Der Einsatz von Lastenrädern ist also eine praktische Frage und nicht einer der Ideologie. Dabei werden unter ähnlichen gesellschaftlichen und sozialen Bedingungen Last- und Lieferwagenfahrer genauso ausgebeutet wie Fahrradlasttransporteure. Auf Grund des körperlichen Trainings könnte es dabei den Letzteren sogar noch relativ besser gehen.

Löst euch also bitte von den Bildern mittelalterlichen Sänftenträger und ausgelaugten asiatischen Lastenkulis jeder Art. Kuckt euch stattdessen mal eine neues high-tech Lastenrad an und probiert es aus. Ihr werdet staunen und euer Urteil revidieren. Natürlich geht damit nicht alles, aber vieles mehr als sich die meisten vorstellen können.

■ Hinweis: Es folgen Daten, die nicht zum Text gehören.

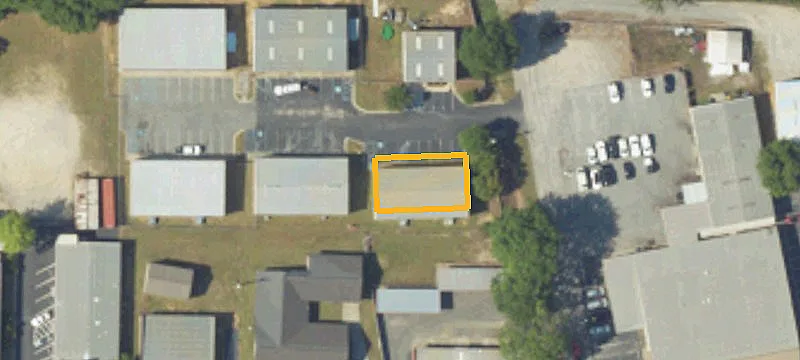 104 Landscape Ln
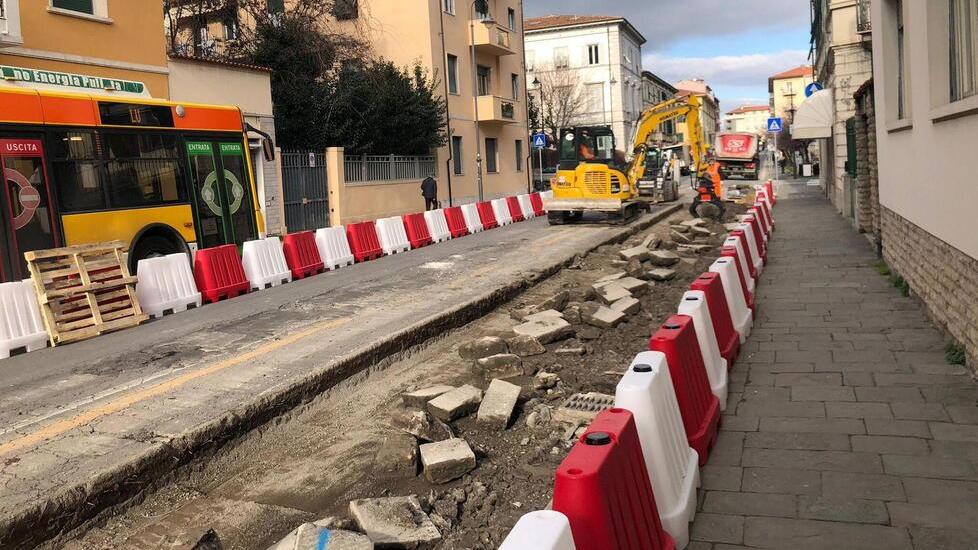 Pisa, aperto il cantiere in via Crispi: lavori e chiusure fino a metà marzo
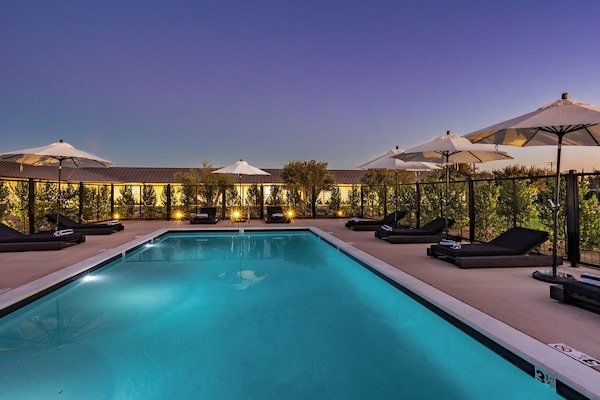 Una piscina al aire libre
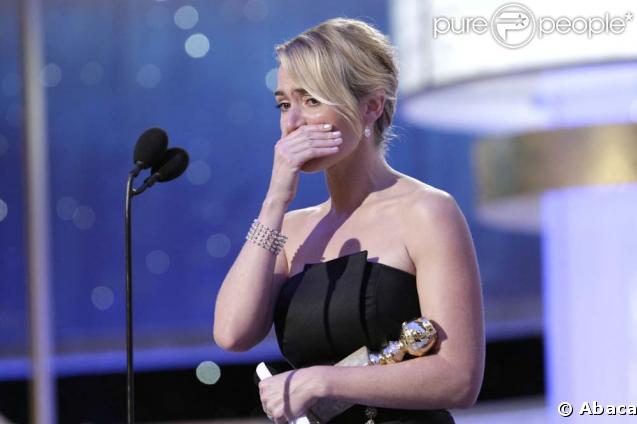 Kate Winslet, émue, reçoit deux Golden Globes 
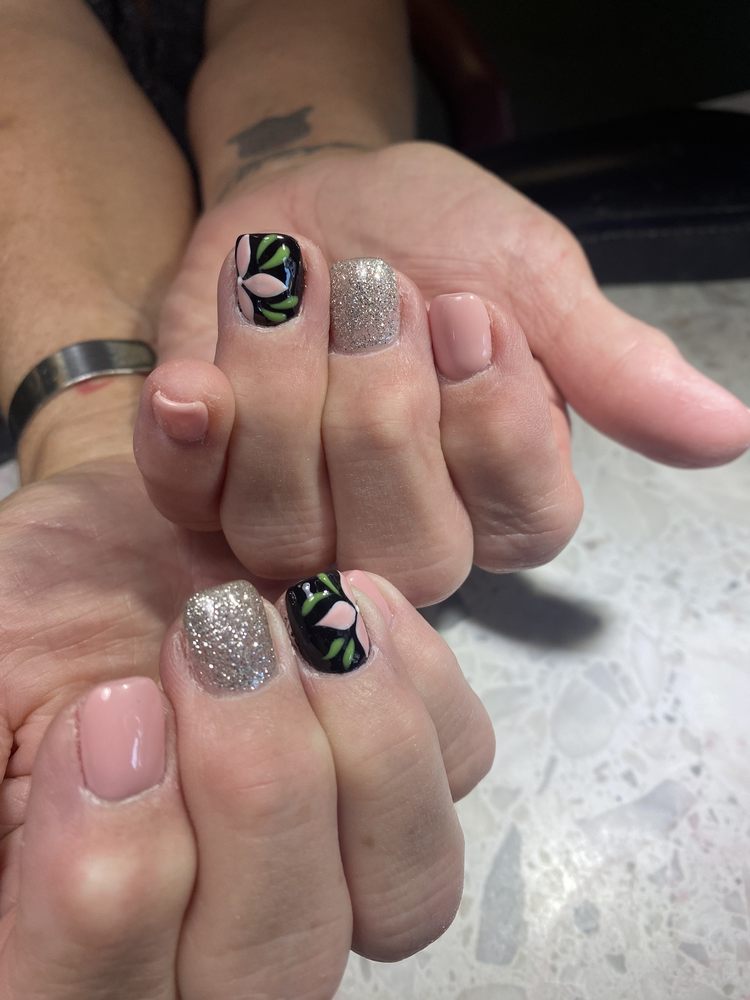 MVE NAILS Updated October 2024 900 Cavalry Rd, Carlisle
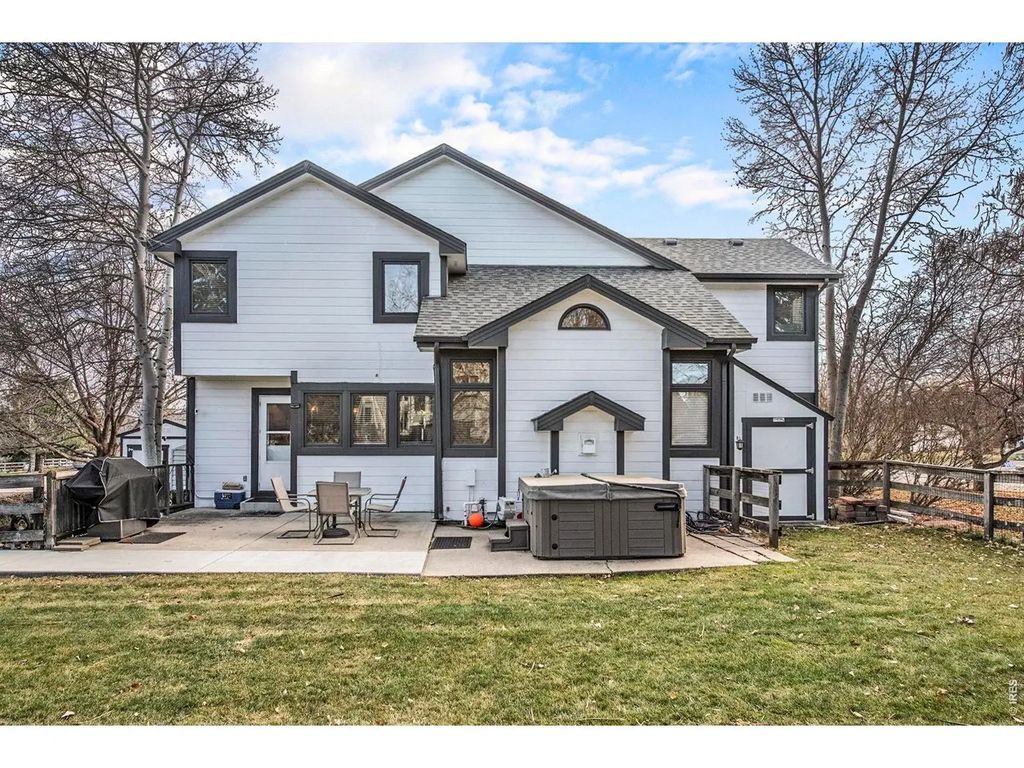 7945 Allott Ave, Fort Collins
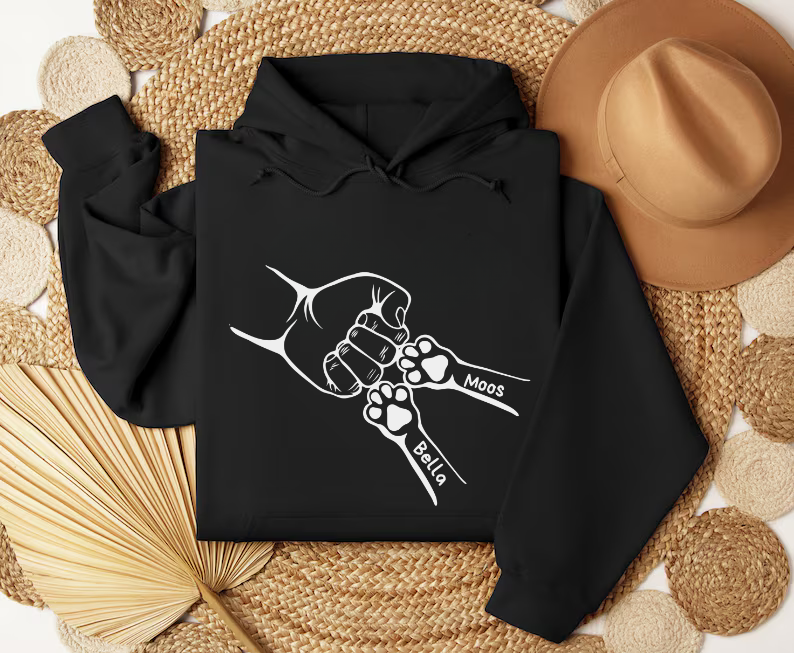 Fist Bump Hoodie - Gepersonaliseerde Naam / Namen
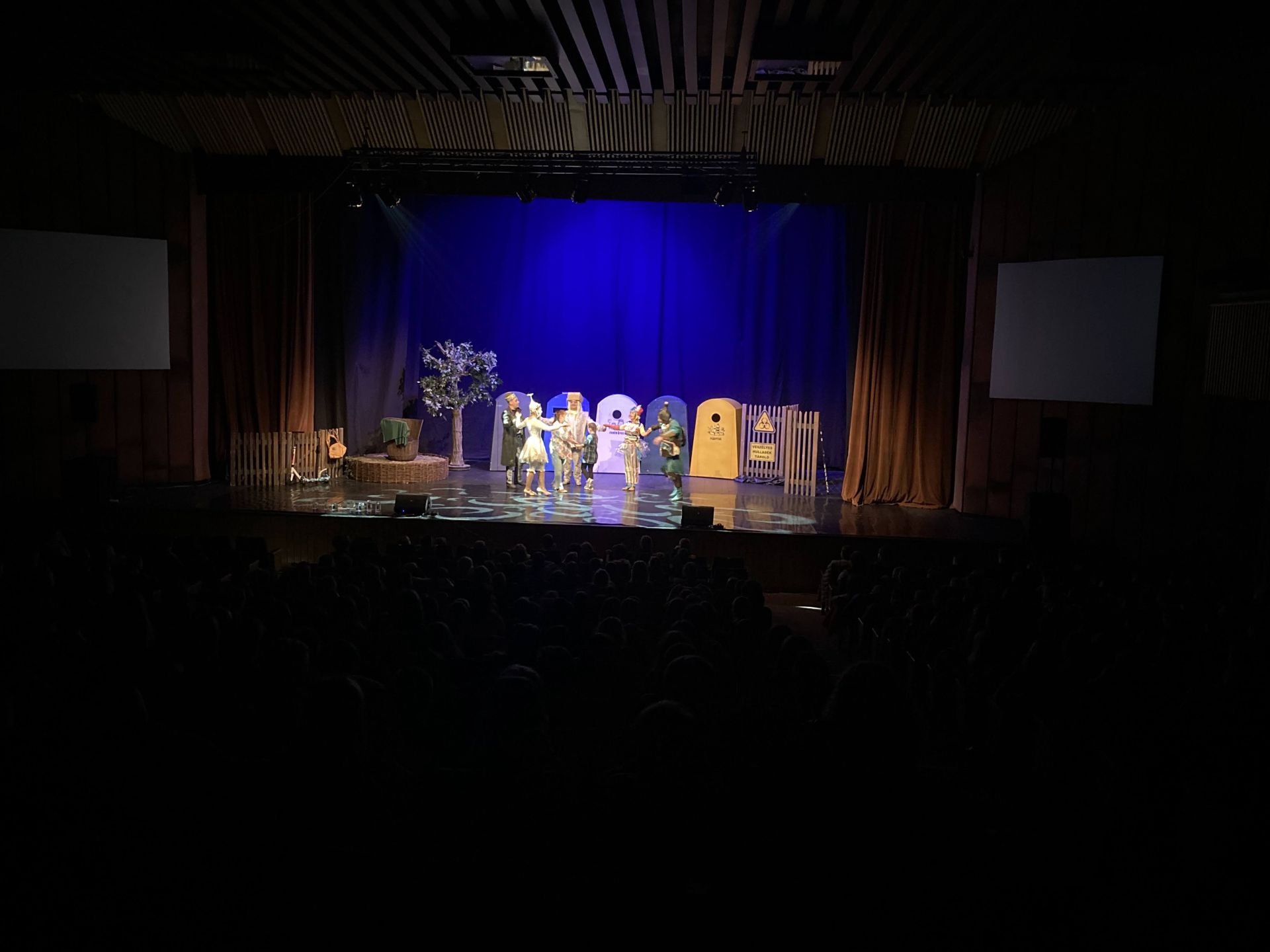 Erdélyi szeretet-turné, feltöltő előadások a Veszprémi Petőfi Színháztól - 2022.02.21-24.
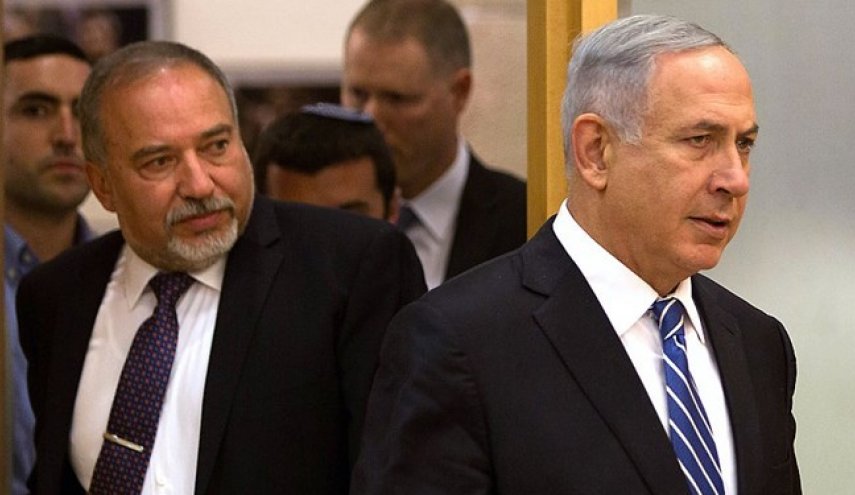 لیبرمن: نتانیاهو ما را به لبه پرتگاه می‌برد/ حملات به سوریه کافی نیست
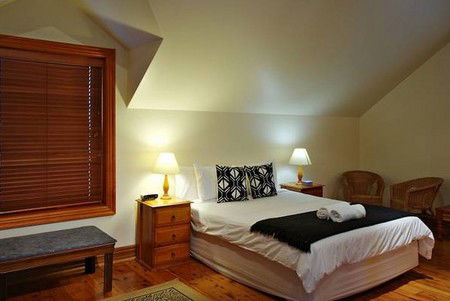 The Mews Studio Apartments - Accommodation Australia 4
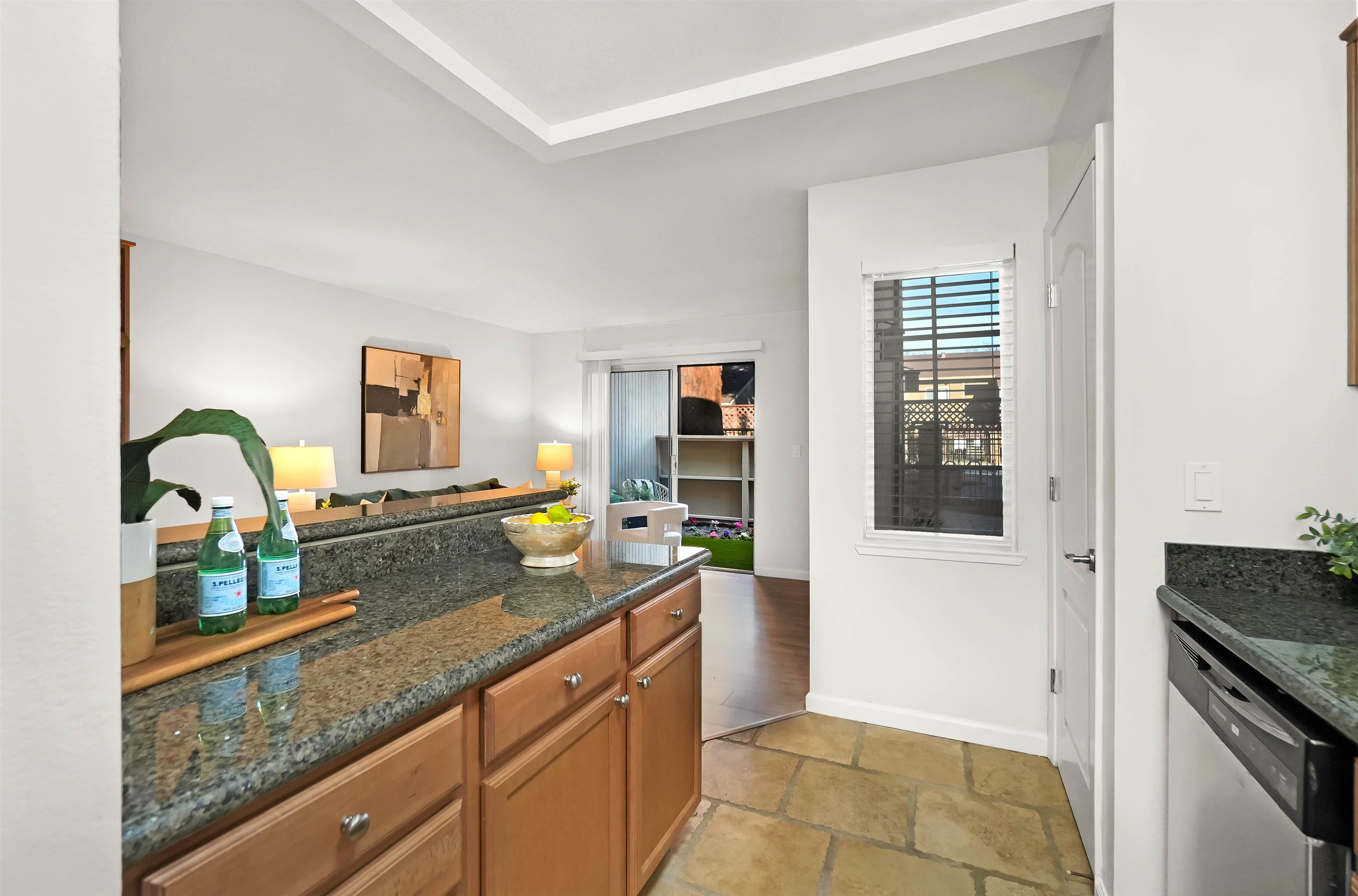 Photo #12: 41123576 Listing: Photo #12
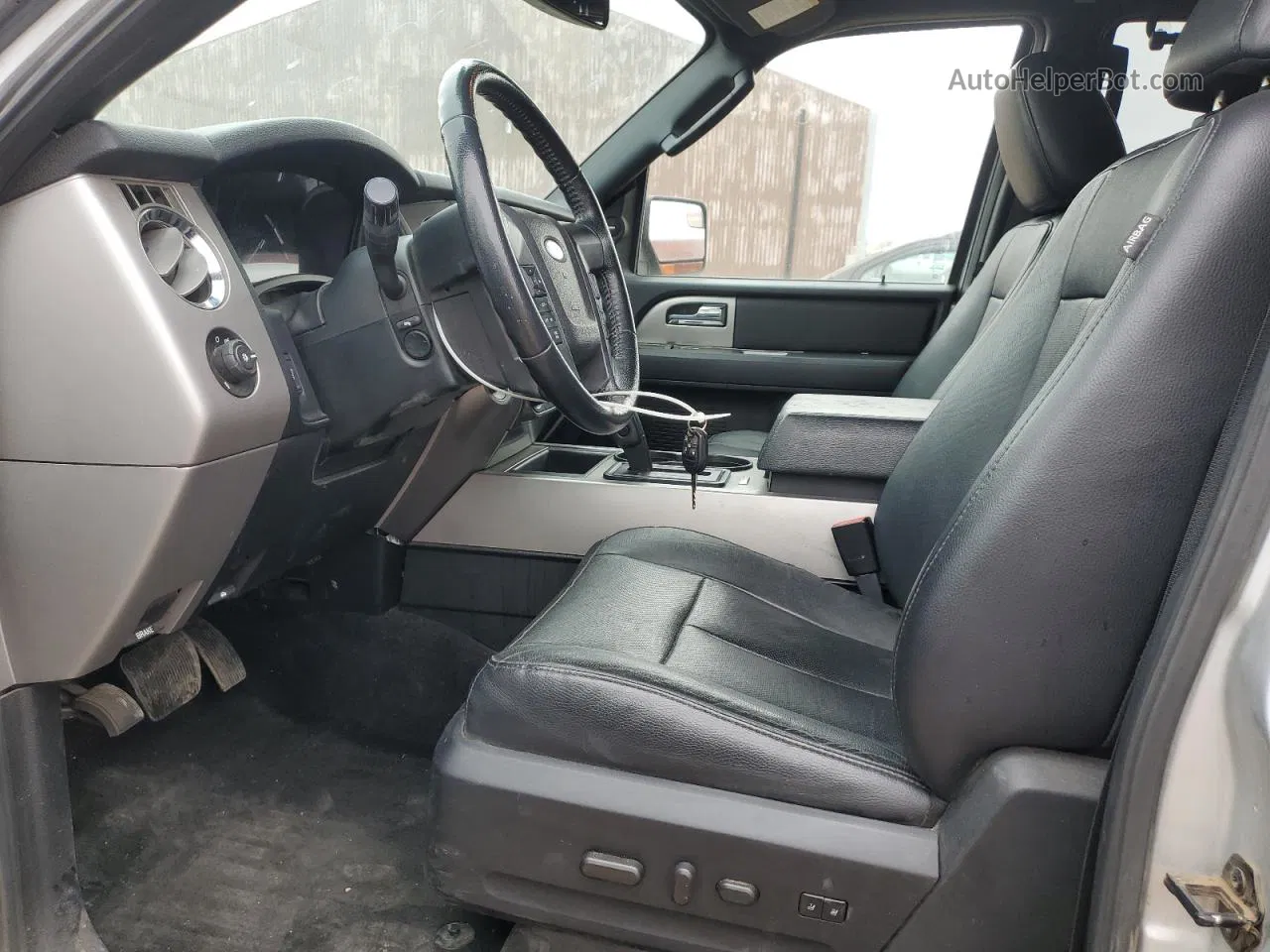 2017 Ford Expedition Xlt Серебряный vin: 1FMJU1JTXHEA75709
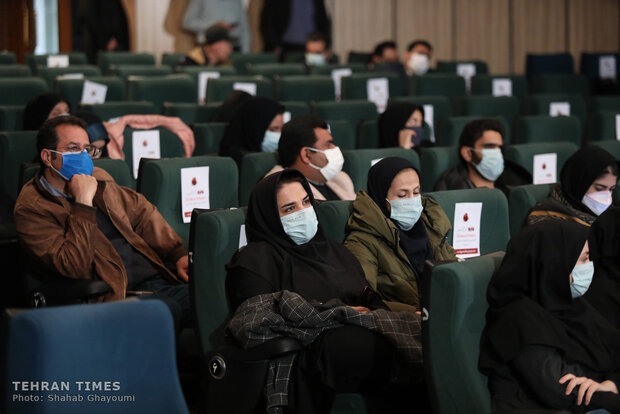 Tehran Times, Mehr hold end-of-year celebration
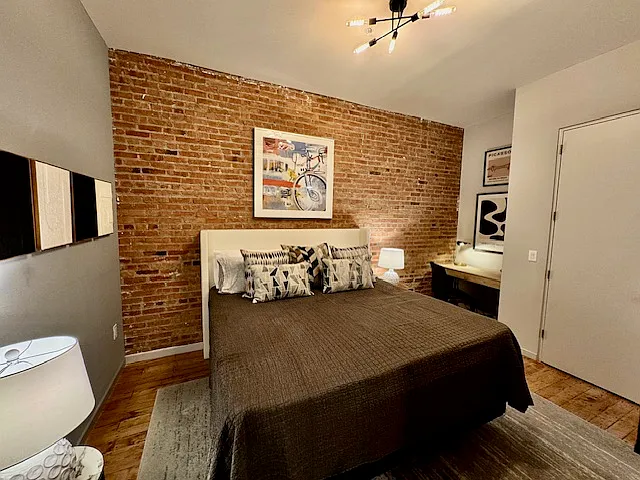 Bentley Lofts — Photo 34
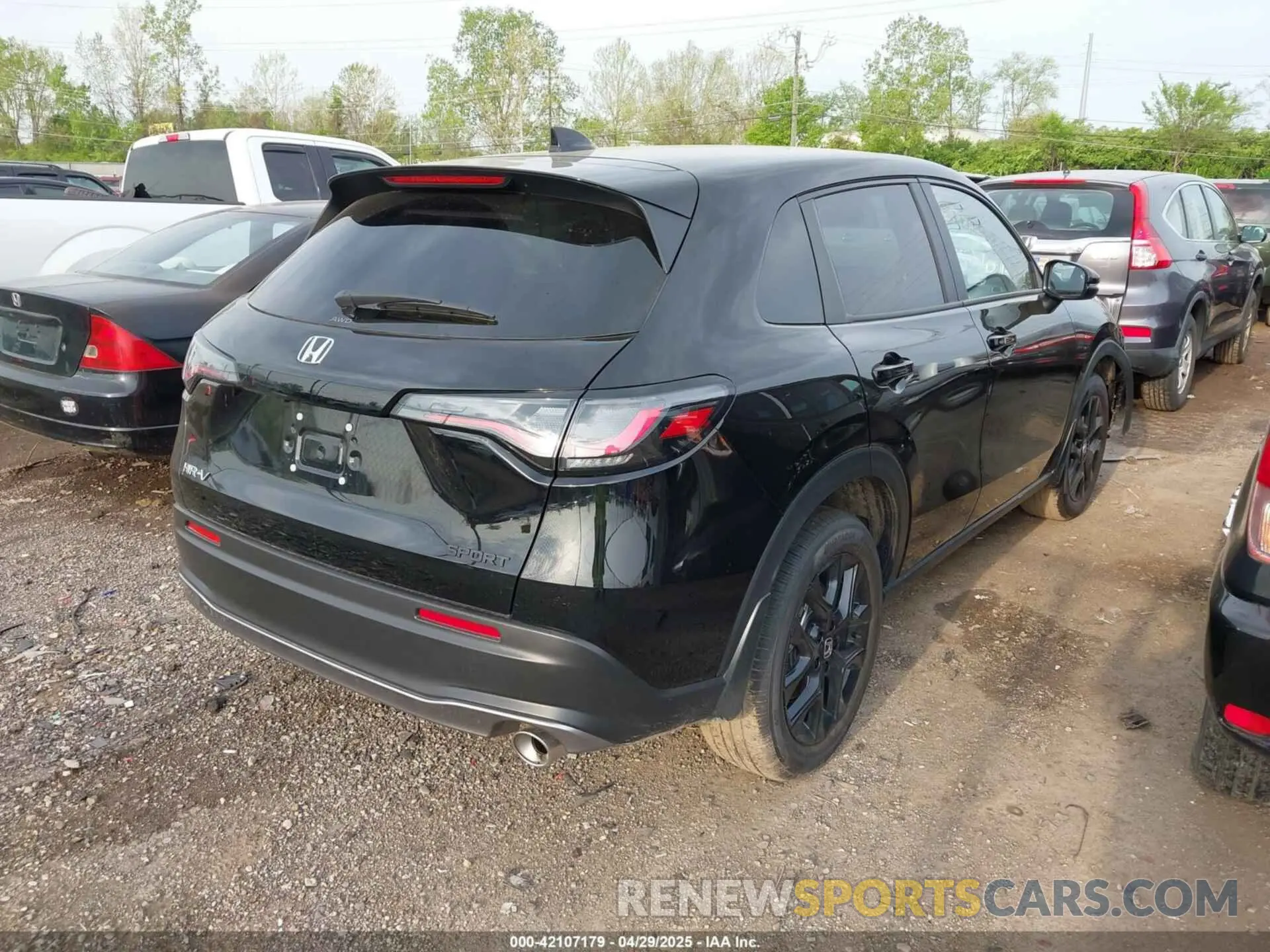 4 Photograph of a damaged car 3CZRZ2H55SM780385 HONDA HR-V 2025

Was die Verkehrsdichte betrifft, sind kleine Fahreinheiten immer flexibler als große und haben bei kleinerer Beladung im Durchschnitt auch wesentliche geringere Parkzeiten. Das ist für den Gesamtverkehr am Ende ein Nullsummenspiel, wenn jeweils das optimale Verhältnis von Größe, Menge, Gewicht und Fahrzeug gefunden wird. Ist der Gesamtverkehr aber als solcher zu groß, ändert auch das nichts am Dauerstau und Parkplatznot auf und an allen Verkehrswegen.